The number of patients with the development of malignancies was 167 in the NAFLD group and 395 in the HCV group. The 10th development rate of malignancies was 13.9% in the NAFLD group and 28.2% in the HCV group (risk ratio 2.27; P < 0.001). The incident rates of hepatocellular carcinoma in all the malignancies were 6.0% (10/167) in the NAFLD group and 67.6% (267/395) in the HCV group (P < 0.001). The malignancies in the NAFLD group were observed in the following order: gastric cancer 34 cases (20.4%) > colon cancer 31 cases (18.6%) > prostate cancer 21 cases (12.6%).
The incident rates of hepatocellular carcinoma in all the malignancies were approximately 6% in the NAFLD group and two-thirds in the HCV group.
包括肝细胞癌在内的恶性肿瘤常发生于慢性肝病患者中。本回顾性匹配对照研究旨在评估非酒精性肝病(NAFLD)或丙型肝炎病毒(HCV)老年患者中总恶性肿瘤的累积发生发生率和预测因素。

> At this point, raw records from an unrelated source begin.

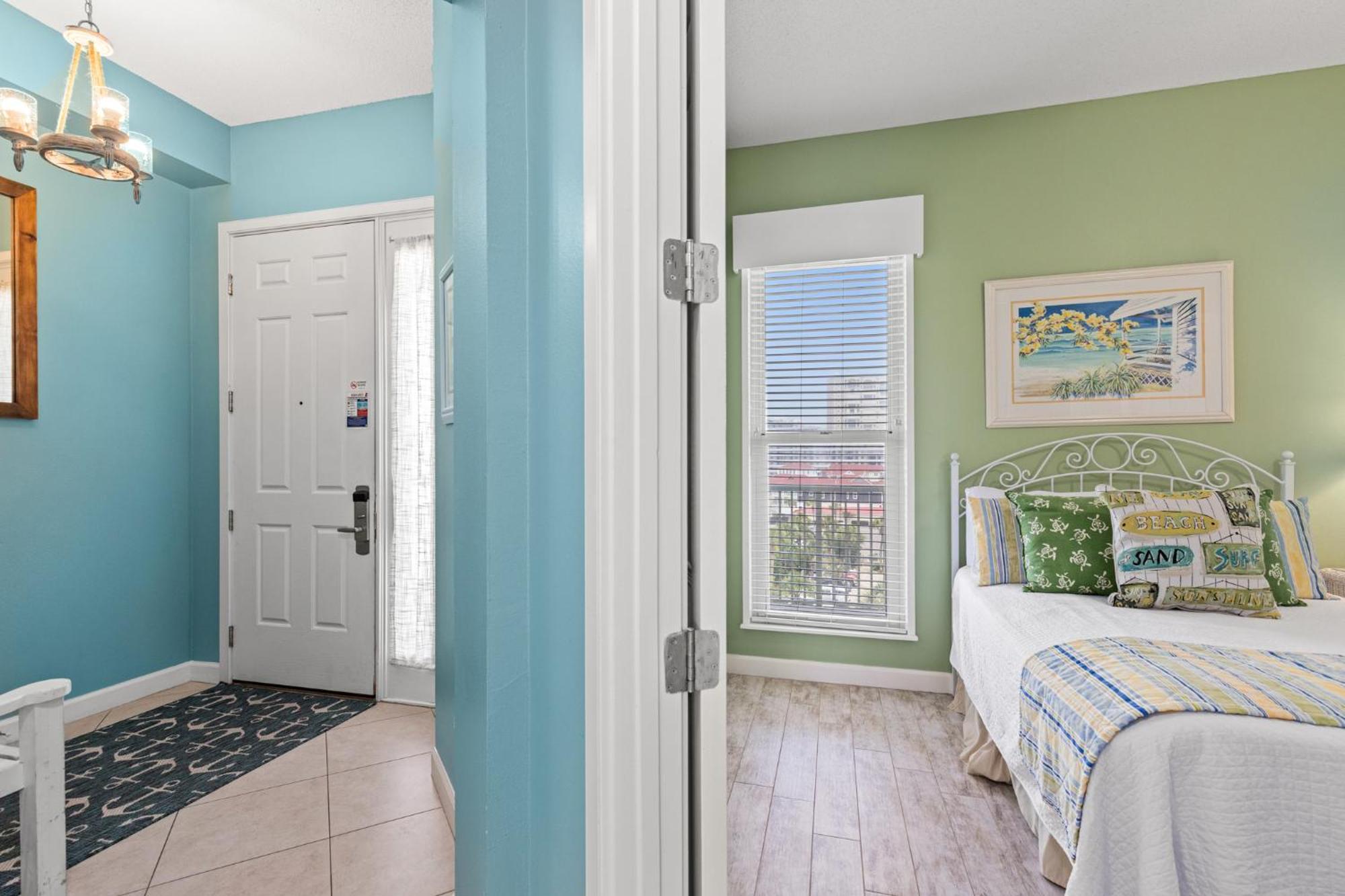 Beachfront Luxury 2bd 2ba With Balcony! Sleeps 6! *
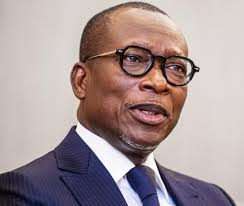 ENFANT DU BÉNIN DEBOUT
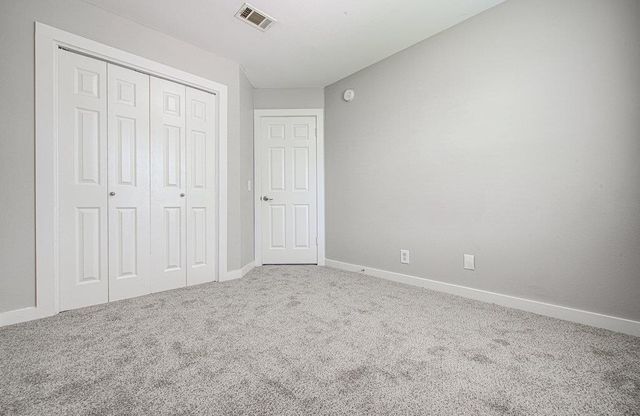 1302 Crete LN, Pflugerville, TX 78660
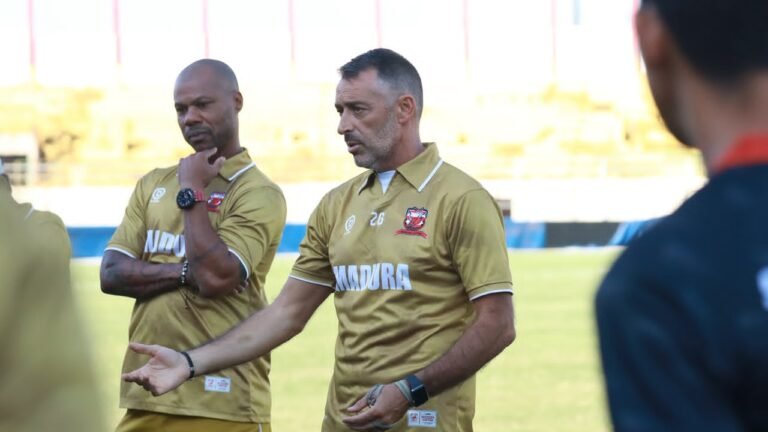 Jose Gomes Bicara Usai Latihan Perdana Madura United: Antusiasme dan Proses Perbaikan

共纳入 1600 例年龄≥60 岁的 NAFLD 患者,并通过年龄、性别和随访期与 NAFLD 组 1:1 匹配选择 1600 例年龄≥60 岁的 HCV 患者作为对照。主要目标是首次发生恶性肿瘤。采用 Wilcoxon 秩和检验、Kaplan-Meier 法和 Cox 比例风险模型进行评估。NAFLD 组和 HCV 组的平均观察期分别为 8.2 年。
NAFLD 组中有 167 例患者发生恶性肿瘤,HCV 组中有 395 例。NAFLD 组第 10 次恶性肿瘤发展率为 13.9%,HCV 组为 28.2%(风险比 2.27;P<0.001)。所有恶性肿瘤中肝细胞癌的发生率,NAFLD 组为 6.0%(10/167),HCV 组为 67.6%(267/395)(P<0.001)。NAFLD 组的恶性肿瘤依次为胃癌 34 例(20.4%)>结肠癌 31 例(18.6%)>前列腺癌 21 例(12.6%)。
NAFLD 组所有恶性肿瘤的肝细胞癌发生率约为 6%,而 HCV 组为三分之二。